After nearly two weeks at sea, the raft was found, but only 15 men had survived. The whole event became an international scandal. Théodore Géricault studied the incident before deciding to create his masterpiece. This work is now considered to be an iconic work of French Romanticism, and it has immortalized the incident that it depicts.
Artists: Pierre-Auguste Renoir
This painting depicts a Sunday afternoon at Moulin de la Galette in the district of Montmartre in 19th Century Paris. Moulin de la Galette was an open-air dancehall and café that was close to Renoir’s home. He frequently attended dances at this café and enjoyed watching the happy couples.
In this painting, Renoir masterfully links the art of collective portrait, landscape painting, and still life. This was Renoir’s most ambitious figure painting and no artist before him had created a canvas of this magnitude for capturing an aspect of daily life. This has been described by some as one of the most beautiful paintings of the 19th century.
Artist: Édouard Manet
When it was first exhibited at the 1865 Paris Salon, it caused a huge controversy; not because of Olympia’s nudity, but because there are a number of details in the painting that suggests she is a prostitute. These include the orchid in her hair, pearl earrings, her bracelet, and the oriental shawl on which she lies.
Furthermore, there is a black cat in the painting, which traditionally symbolizes prostitution. The most famous aspect of this painting is the confrontational gaze of Olympia, which is often-referenced as the pinnacle of defiance towards patriarchy.
Artist: Eugène Delacroix
Liberty has existed as a goddess in many cultures, and during the French Revolution many allegorical personifications of Liberty appeared in France. Since then, the figure of Liberty is viewed as a symbol of France and the French Republic.
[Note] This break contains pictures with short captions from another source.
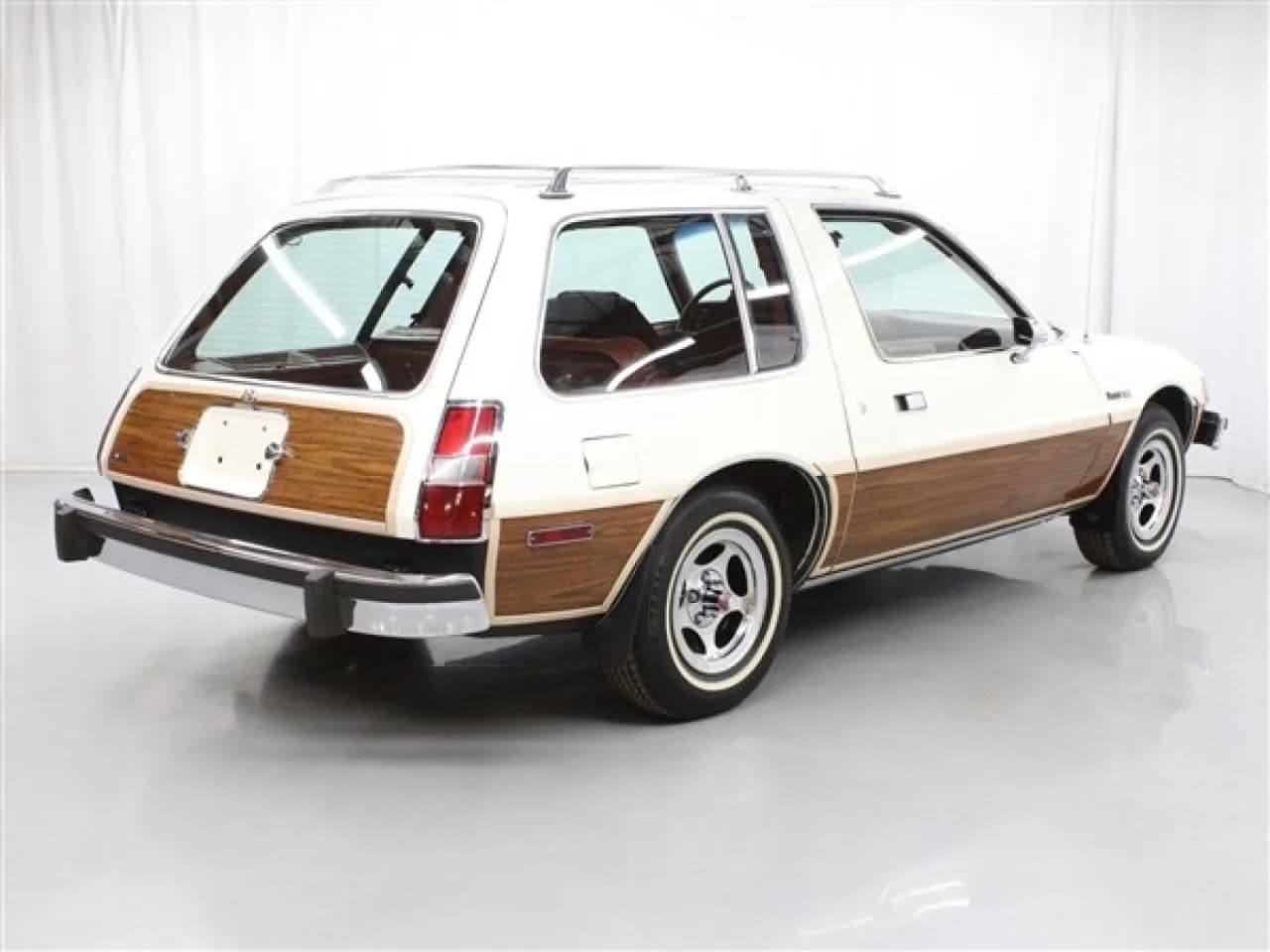 1980 AMC Pacer D/L - Thumbnail 7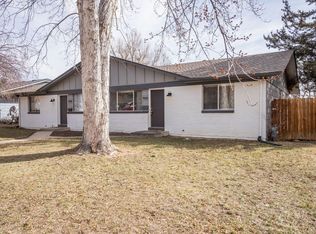 1020 Hillcrest Dr, Fort Collins, CO 80521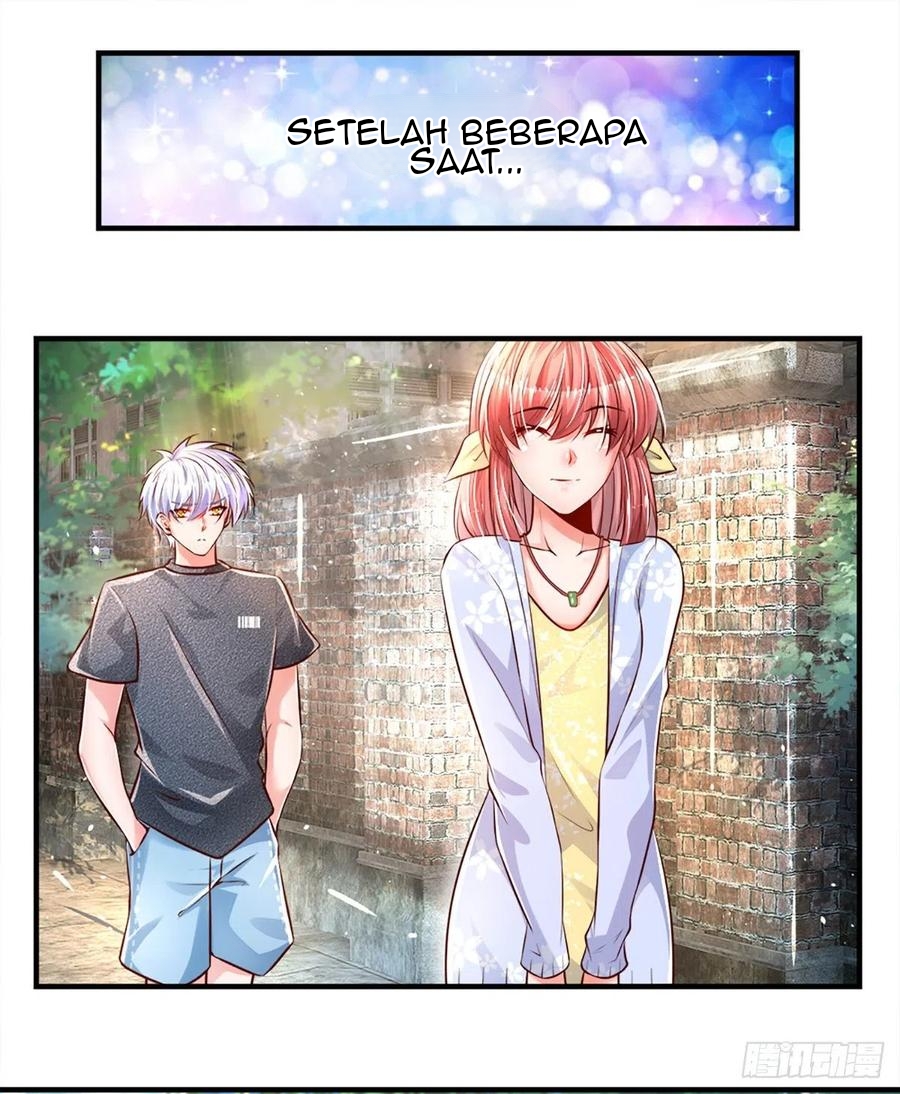 100.000 Layers Of Body Refining: I Raise All Emperor Chapter 25 Gambar 26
This painting commemorates the July Revolution of 1830 in which King Charles X of France was overthrown. It shows Liberty as a goddess and a robust woman of the people. She holds the French flag in one hand and a firearm in the other. Delacroix is regarded as the leading French Romantic painter.
Artist: Claude Monet
Monet's “Nympheas” series consists of approximately 250 oil paintings which were created by him during the last 30 years of his life. They can now be found on display all over the world. The dazzling complexity of color and light in the panels opens the viewer’s eyes to the incredible diversity of nature and to the depth and mystery of the life it sustains.
What’s amazing about these works is that Monet’s eyesight was badly deteriorating due to cataracts when he painted most of these masterpieces. Monet’s water-lily paintings are among the most recognized and celebrated works of the 20th century and they hugely influenced the generations of artists that followed him. In fact, they have been described as “The Sistine Chapel of Impressionism."